Expert Interview with Mark Csernica on the Future of Big Data for Bigstep
The future of Big Data is even Bigger Data, according to Mark Csernica, technology analyst for Mind Commerce, a research and consulting firm that supports technology and telecommunications companies.
To clarify, Mark offered us a glimpse at the expected scope of data growth: the world’s technological per-capita capacity to store information has roughly doubled every 40 months since the 1980s; as of 2012, every day 2.5 quintillion (2.5×1019) bytes of data were created. It is estimated that by 2020, there will be 20 Zettabytes (20 x 1021 bytes) of data available.
To accommodate the information explosion, Mark says that Big Data technology and techniques will have to be continually evolving.
“The Big Data technologies that are working today might have difficulties in processing the data files/sets of the future, which will continue to grow,” he says. “I expect new data processing paradigms to be developed in order to process larger and larger data sets in reasonable time frames.”
Here, Mark offers his thoughts on why businesses should care about Big Data and what they can do
Tell us about Mind Commerce ... what services do you offer? Who should be using them?
Mind Commerce provides research and consulting services of digital technologies and the telecommunications industry. Our reports provide analysis on technologies and emerging business opportunities. For clients looking for more specific details, Mind Commerce provides follow-up consultation and advisory services on an as-needed basis. The Mind Commerce customer base includes technology companies, service providers, enterprise, government agencies and NGOs.

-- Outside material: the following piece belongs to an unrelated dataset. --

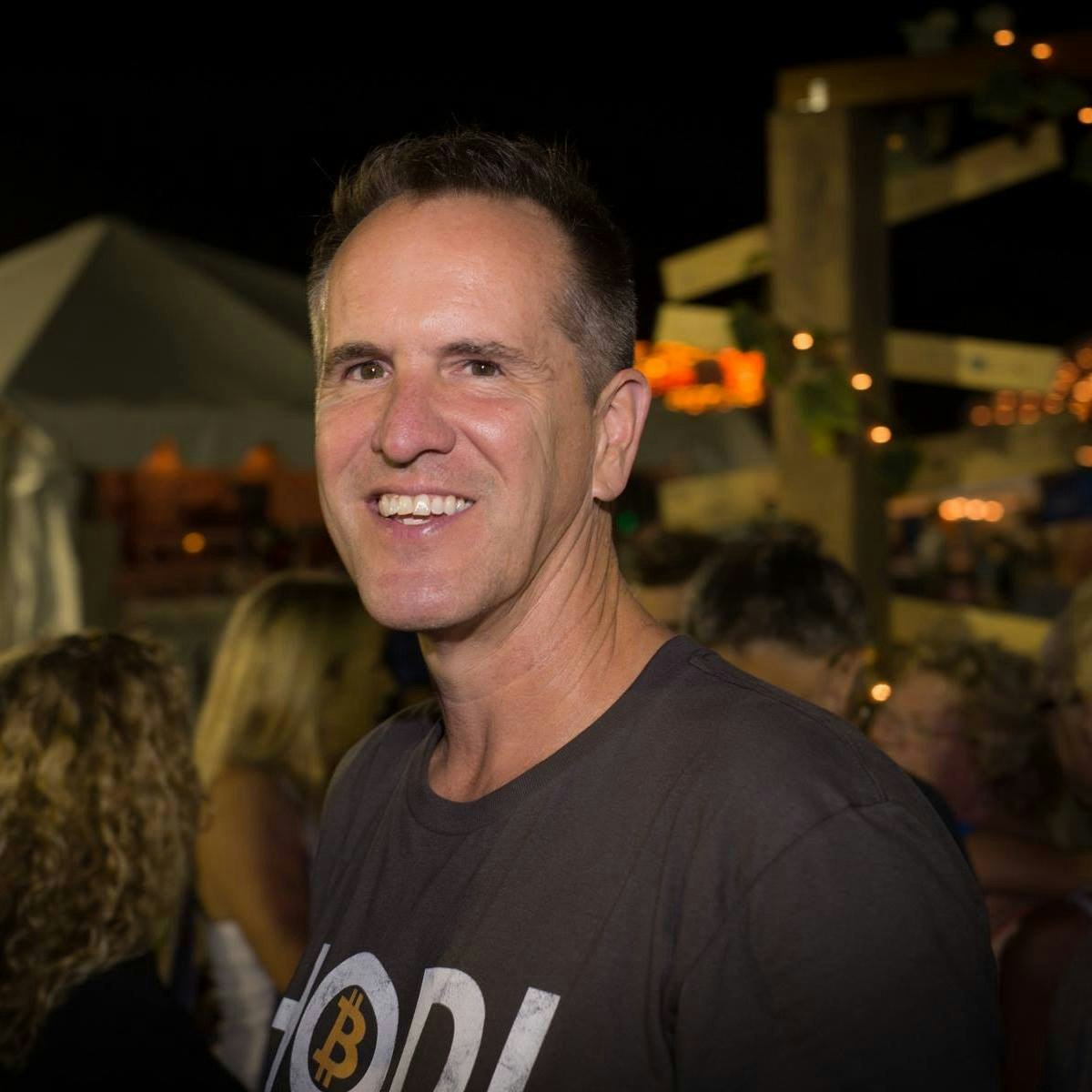 ICO Tank gallery image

What seem to be the most common problems your clients hope you’ll help them solve?
Our clients are looking for trends, projections, and analysis on technologies, infrastructure, devices, applications, services. Our clients want to understand business models involved and emerging business opportunities that they can take advantage of.

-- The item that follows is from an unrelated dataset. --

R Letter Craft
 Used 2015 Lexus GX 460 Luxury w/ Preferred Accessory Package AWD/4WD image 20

Why is Big Data so important to the growth and survival of businesses today?
The importance of Big Data technologies is due to businesses’ need for identifying and taking advantage of business intelligence. Identifying gems of business information out there in the vast expanse of businesses’ data repository and on the Internet. This business information is on databases, blogs, articles, analyses, surveys, etc. Gems of information that are currently hidden, but if found are a source of market intelligence and customer preferences. And when used, they allow a business to spot market trends, strengths and weaknesses of one’s product line and identify tactics to gain competitive advantage.
But there are technical challenges with Big Data. The collection of data files/sets are so many, so large and complex that it becomes difficult to process them using existing database management tools and traditional data processing applications and techniques in reasonable time frames.
How can businesses better harness all the data available to them today?
For businesses to better harness the huge volumes of data available to them, they must develop the ability to discover a unique data insight. That is, a business needs to develop the ability to ask new questions, formulate new hypotheses, explore and discover how they plan to use the data available to them.
Ultimately, a big part of a business’s Big Data efforts is the use of new analytic techniques, on either new data or data that has been combined in new ways. And deciding how to analyze that data. Big Data technologies offer various approaches in capturing, storing, searching, analyzing the tremendous volumes of data available in reasonable time frames. Identifying and implementing the technology that best fits a business’s needs is a key component of a business’s Big Data strategy.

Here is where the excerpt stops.